We're going to read in a WAV, put in a Short-Time Fourier Transform (STFT), and then regenerate the time-series data using an Inverse STFT (ISTFT), only adding some extra spacing.

For the STFT, we'll turn to the wondrous place that is StackExchange, and check out user Basj's code [9]...

def basj_stft(x, fftsize=2048, overlap=4):   
    hop = fftsize / overlap
    w = scipy.hanning(fftsize+1)[:-1]      # better reconstruction with this trick +1)[:-1]  
    return np.array([np.fft.rfft(w*x[i:i+fftsize]) for i in range(0, len(x)-fftsize, hop)])

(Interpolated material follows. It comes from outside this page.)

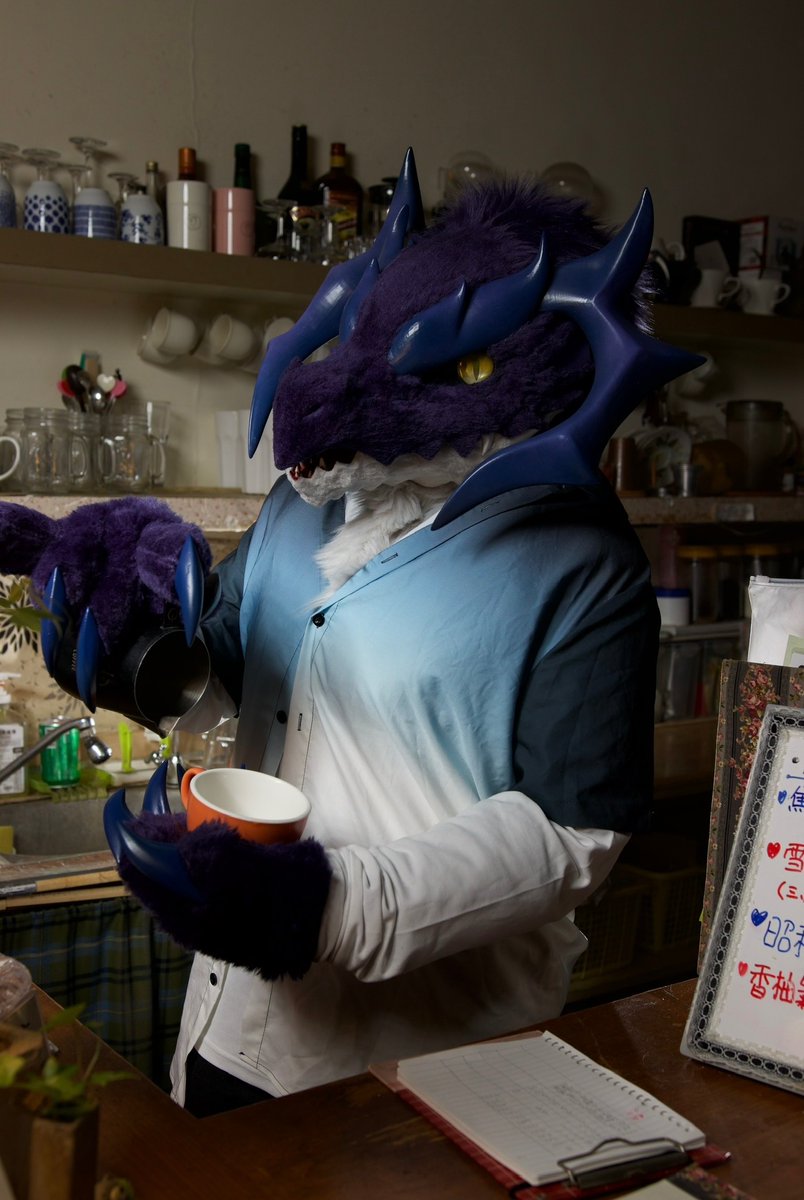 Rukatheknight's tweet image. Would you like have some coffee?
コーヒーいかがですか?
📷:凱伊
#FursuitFriday #Fursuit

def basj_istft(X, overlap=4):   
    fftsize=(X.shape[1]-1)*2
    hop = fftsize / overlap
    w = scipy.hanning(fftsize+1)[:-1]
    x = scipy.zeros(X.shape[0]*hop)
    wsum = scipy.zeros(X.shape[0]*hop) 
    for n,i in enumerate(range(0, len(x)-fftsize, hop)): 
        x[i:i+fftsize] += scipy.real(np.fft.irfft(X[n])) * w   # overlap-add
        wsum[i:i+fftsize] += w ** 2.
    pos = np.where( wsum != 0 )
    x[pos] /= wsum[pos]
    return x

Ok, so all we'll do now is modify the Inverse Short Time Fourier Transform (ISTFT) so that spaces out it resynthesis frames in time...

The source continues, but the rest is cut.